Knowlton referred to the controversy as hitting "a "couple of very little bumps in the road" that were handled expeditiously by the stewards at Churchill Downs.
Funny Cide buried the controversy with his decisive win, and now shifts the focus to the assault on the Triple Crown. The Belmont Stakes, at 1 1/2 miles, is called the Test of the Champion.
"I've been riding 27 years and this is the best horse I ever rode in my life," said Santos, who won the Belmont aboard Lemon Drop Kid in 1999.
There's no question the horse with the funny name is on a historic run like no other race horse in quite some time.
Two weeks ago, he became the first New York-bred and first gelding in 74 years to win the Derby. The son of Distorted Humor, out of Belle's Good Cide, is the first New York-bred in 107 years to win the Preakness and the first gelding since Prairie Bayou in 1993.
The homecoming for the Belmont could produce a record crowd when New York's newest hero tries to join an elite group of Triple Crown winners that includes Citation, Whirlaway, Secretariat and Seattle Slew.
A record crowd 103,222 attended last year's Belmont when Derby-Preakness winner War Emblem stumbled at the start and finished eighth in his Triple try.
Peace Rules, a close third in the Derby, was no match for Funny Cide in the Preakness. The loss left trainer Bobby Frankel still looking for his first win in a Triple Crown race. The Hall of Famer is now 0-for-9.

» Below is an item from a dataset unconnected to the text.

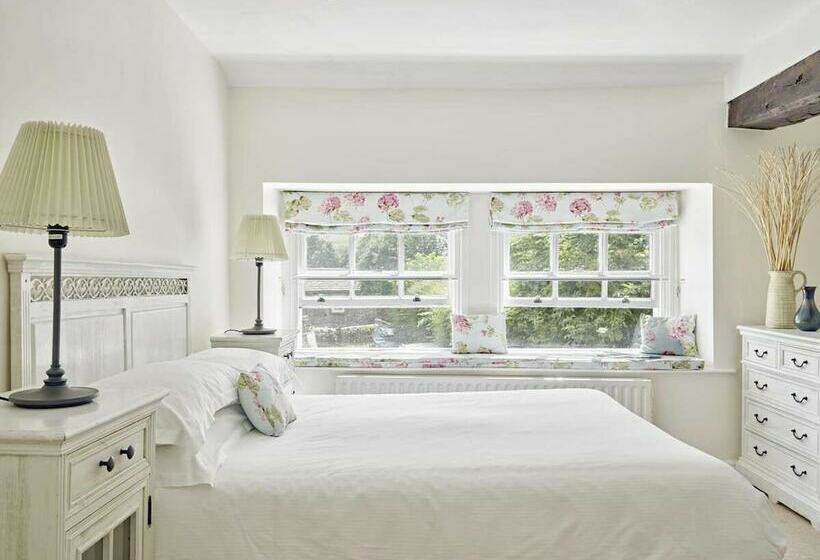 בית מלון כפרי The Tennants Arms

D. Wayne Lukas had two horses in the field, Scrimshaw and Ten Cents a Shine, his record 29th and 30th starters. The Hall of Famer has won the Preakness five times.
Among the horses Funny Cide may face in the Belmont are Derby runner-up Empire Maker, Atswhatimtalknbout, Dynever, Most Feared, Outta Here, Pretence and Ten Most Wanted.
Should Funny Cide sweep the Triple Crown, he would earn a $5 million bonus paid by Triple Crown Productions.